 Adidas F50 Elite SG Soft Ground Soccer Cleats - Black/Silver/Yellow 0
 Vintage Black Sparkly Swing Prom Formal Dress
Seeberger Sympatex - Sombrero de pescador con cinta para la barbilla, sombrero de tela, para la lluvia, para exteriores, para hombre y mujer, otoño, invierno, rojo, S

---

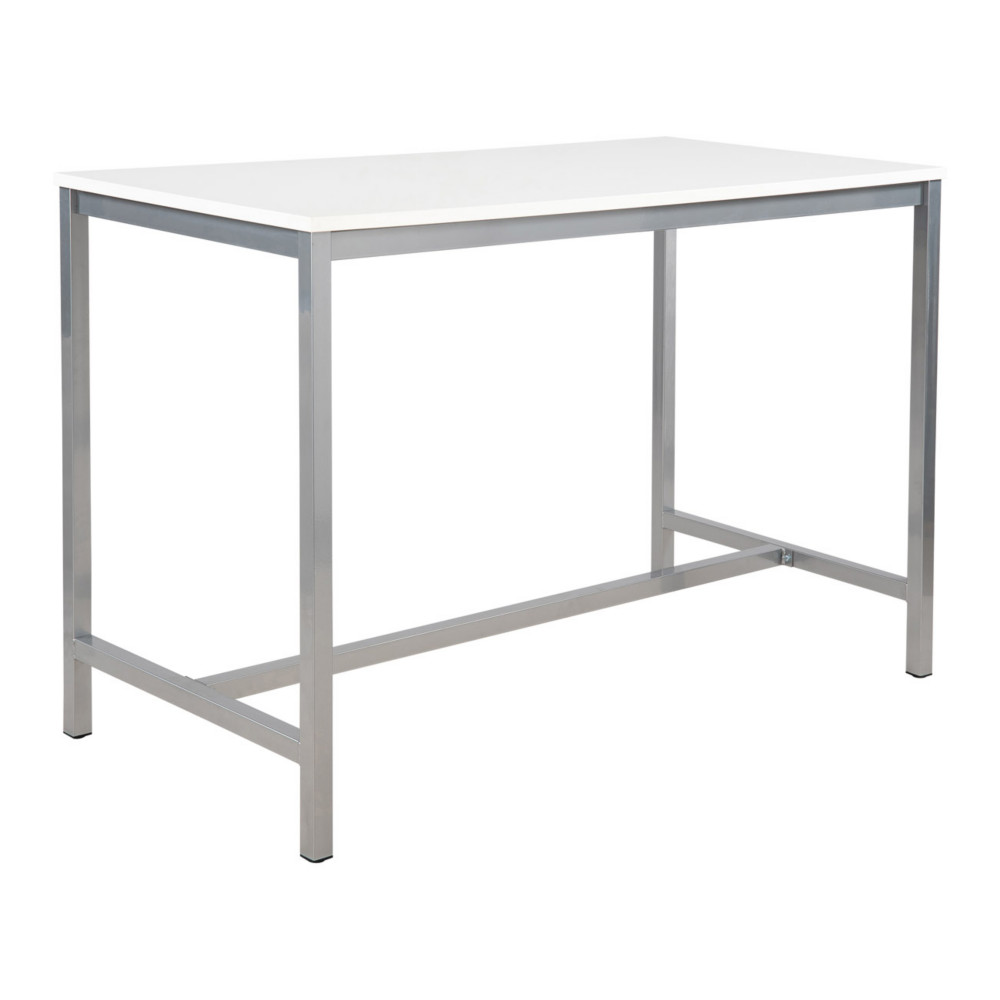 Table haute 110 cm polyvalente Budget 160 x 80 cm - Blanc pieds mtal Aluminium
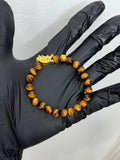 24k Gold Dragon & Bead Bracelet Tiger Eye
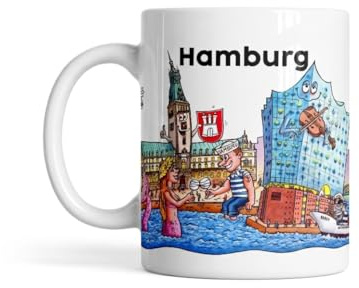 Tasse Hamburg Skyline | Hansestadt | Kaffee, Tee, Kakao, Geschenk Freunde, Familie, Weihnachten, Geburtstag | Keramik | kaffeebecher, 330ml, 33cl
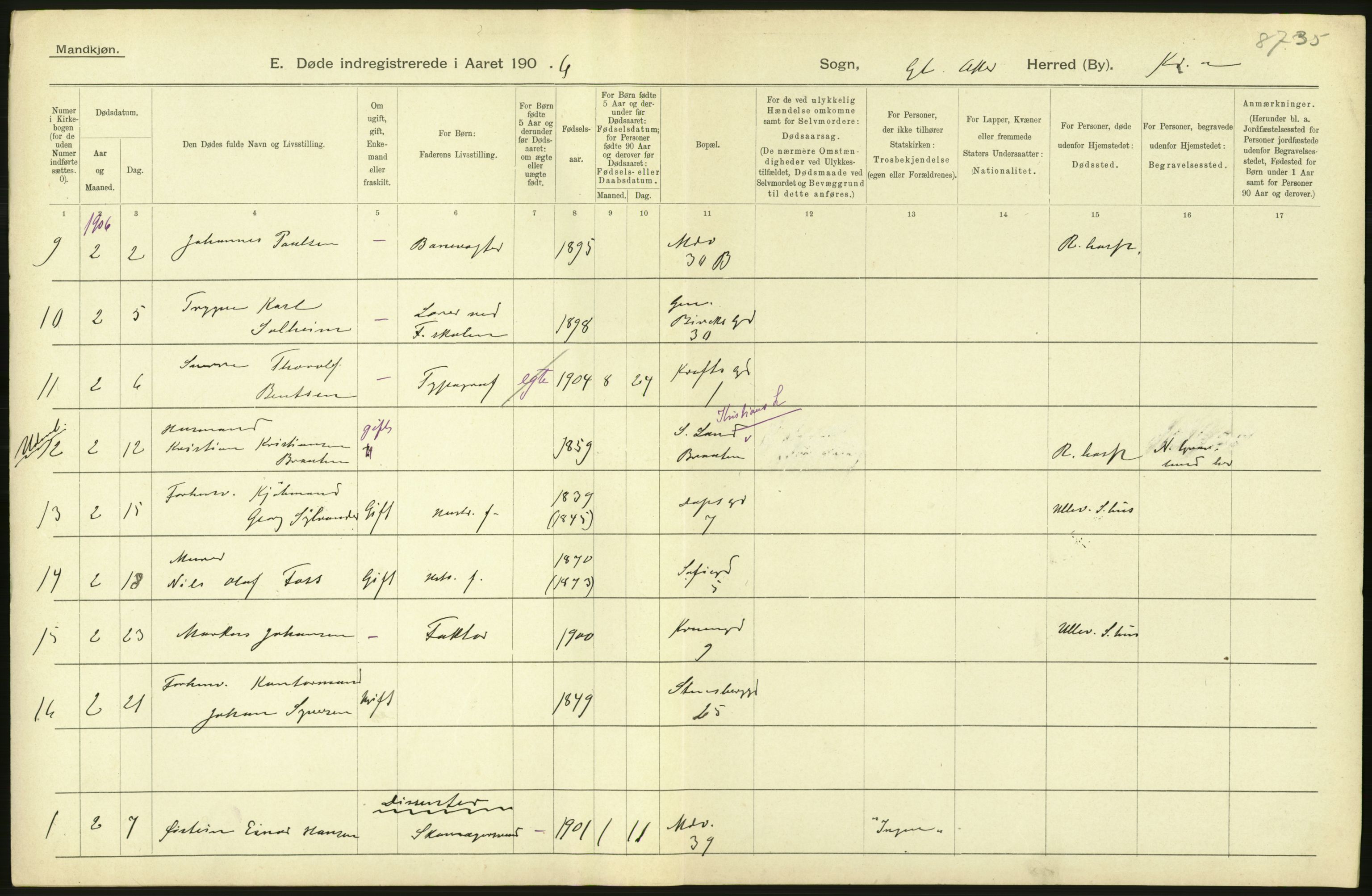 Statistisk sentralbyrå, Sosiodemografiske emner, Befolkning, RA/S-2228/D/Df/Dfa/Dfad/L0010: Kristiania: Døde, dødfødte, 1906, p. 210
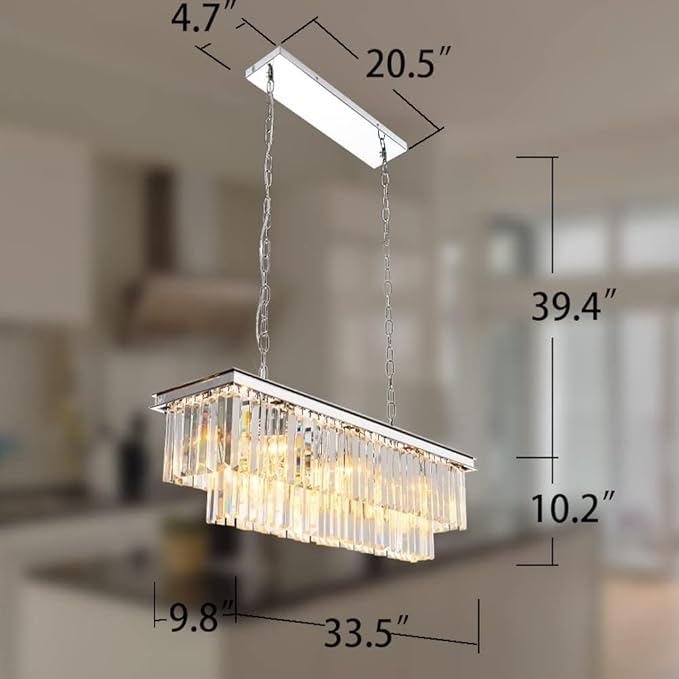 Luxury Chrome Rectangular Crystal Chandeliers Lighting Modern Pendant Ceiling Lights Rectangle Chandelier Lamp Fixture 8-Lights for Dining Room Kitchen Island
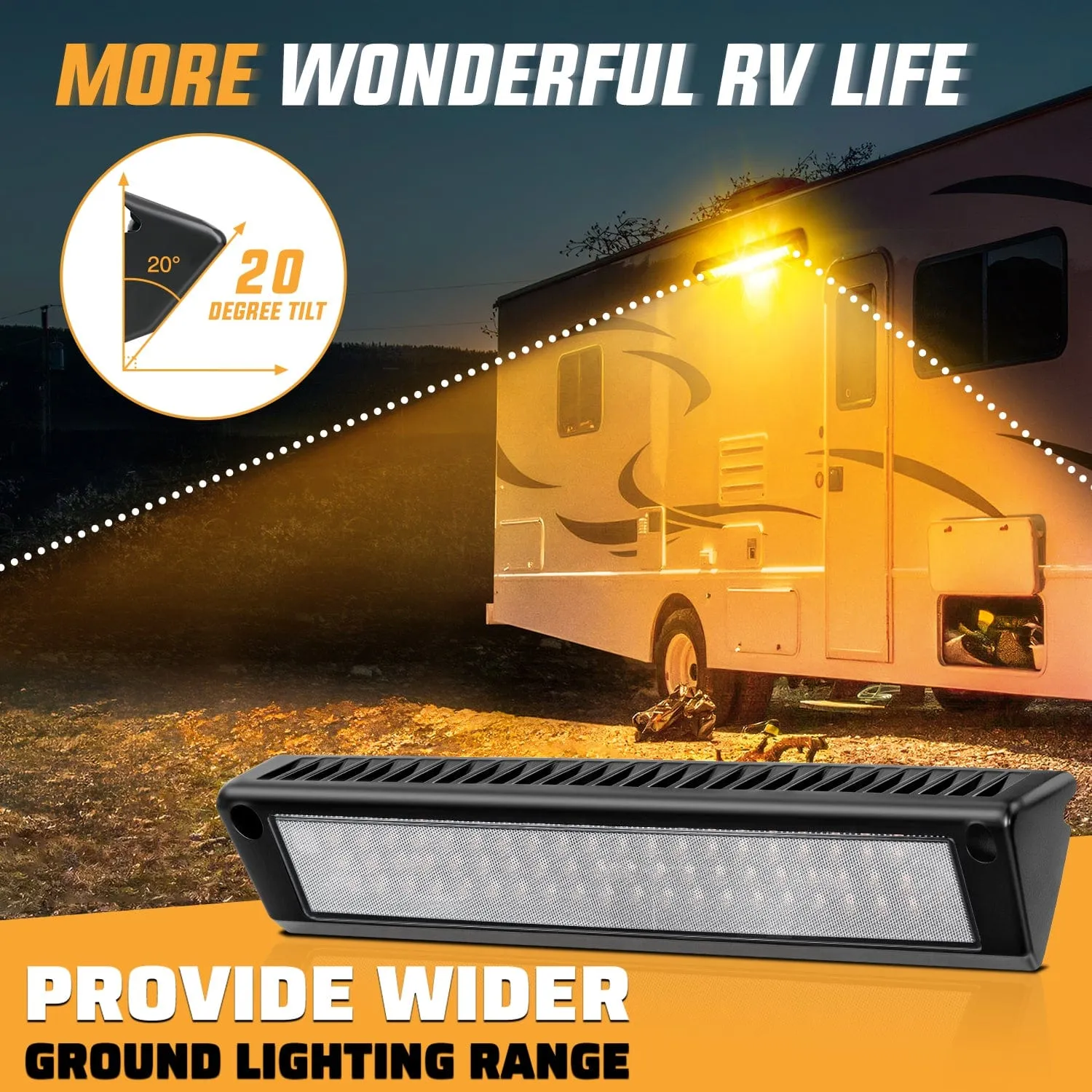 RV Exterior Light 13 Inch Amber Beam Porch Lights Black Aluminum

**WHAT YOU NEED TO DO:** In the listing above, find the line holding "Luxury Chrome Rectangular" and the line holding "RV Exterior Light". Reproduce those two lines and all between them exactly, leaving out pictures.

**PROBLEM SOLUTION:**
 Luxury Chrome Rectangular Crystal Chandeliers Lighting Modern Pendant Ceiling Lights Rectangle Chandelier Lamp Fixture 8-Lights for Dining Room Kitchen Island
 RV Exterior Light 13 Inch Amber Beam Porch Lights Black Aluminum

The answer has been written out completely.